ProShares German Sovereign/Sub-Sovereign ETF (GGOV) - This new product from ProShares looks to give investors another way to play the German bond market from a broad perspective. The ETF holds 33 securities in its basket and charges expenses of 35 basis points a year to investors. However, in terms of holdings, it is reversed when compared to BUND, as the product has close to 60% of its assets in government debt and the rest in corporate. Still, the fund only focuses on investment grade securities, once again putting a premium on safety over yield.
Australia Bond ETFs
Australia is another top spot for investors seeking to deploy their capital in a safe location. The country has a relatively solid budget situation, a high discount rate which helps increase yields, and strong demand for its key commodities. Thanks to these factors, as well as its low dependence on European affairs, it is seeing renewed interest from many investors. As a result, investors who are seeking to gain more exposure to this trend should consider either of the following two bond ETFs:
PIMCO Australia Bond Fund (AUD) - PIMCO’s entrant in this space looks to hold about 30 securities while charging investors 45 basis points a year in fees. While the product might not have much in the way of volume, it does pay out a decent yield of 3.5%. Assets in this ETF are tilted towards government debt at just over 50% while corporate securities comprise the rest of the holdings. From an individual holding perspective, Treasury bonds from several of Australia’s states dominate the top few spots.

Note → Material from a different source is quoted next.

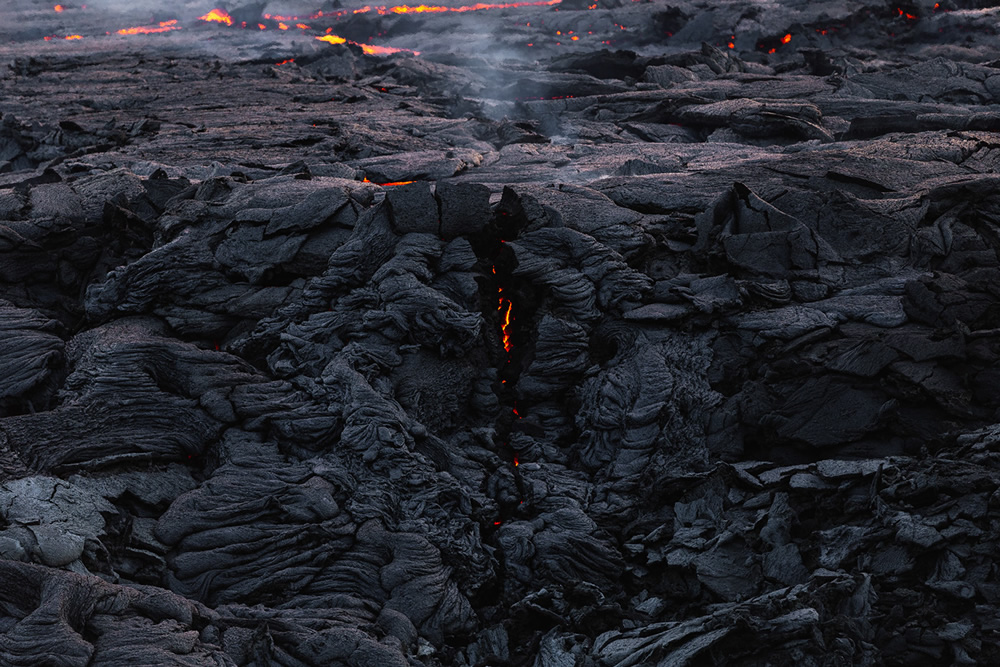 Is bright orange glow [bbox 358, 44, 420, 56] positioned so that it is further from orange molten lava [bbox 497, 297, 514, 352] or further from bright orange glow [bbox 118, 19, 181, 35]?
orange molten lava [bbox 497, 297, 514, 352]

WisdomTree Australia and New Zealand Debt Fund (AUNZ) - For investors seeking a play on both Australia and New Zealand, this fund is tough to beat. The product holds 30 securities in total and like AUD, charges investors 45 basis points in fees. However, AUNZ does have a greater focus on government debt, putting over 70% of its assets in the security type, leaving the remainder for corporates. It should also be noted that the vast majority of assets focus on the Australian market so the product looks to be very influenced by events taking place in the nation (read Australia Bond ETF Showdown).
Canada Bond ETF
Given the surge in oil prices as of late, as well as perception that prices could remain high for quite some time, an investment in Canada’s bonds could be an interesting pick. This is because continued high prices for oil will keep demand for the Canadian dollar high and result in inflows and currency appreciation for the currency. Additionally, the budget situation for Canada is quite stable, suggesting that the country should be able to weather any shocks from bond vigilantes as well. For investors intrigued by this, there is currently one ETF available that focuses on this market:
PIMCO Canada Bond ETF (CAD) - This fund tracks the BofA Merrill Lynch Diversified Canada Government Bond Index which gives broad exposure to fixed income securities from Canada. Currently, the product holds 27 securities in total and has fees of 0.45% a year, in line with products focusing on other nations. However, investors should note that the fund is almost entirely focused on government debt, giving the fund a longer-term focus than most on this list. In fact, long-term bonds comprise a plurality of holdings at 43% of the total, giving the fund an effective duration of about 13.3 years (read Canada Equity ETFs Worth A Look).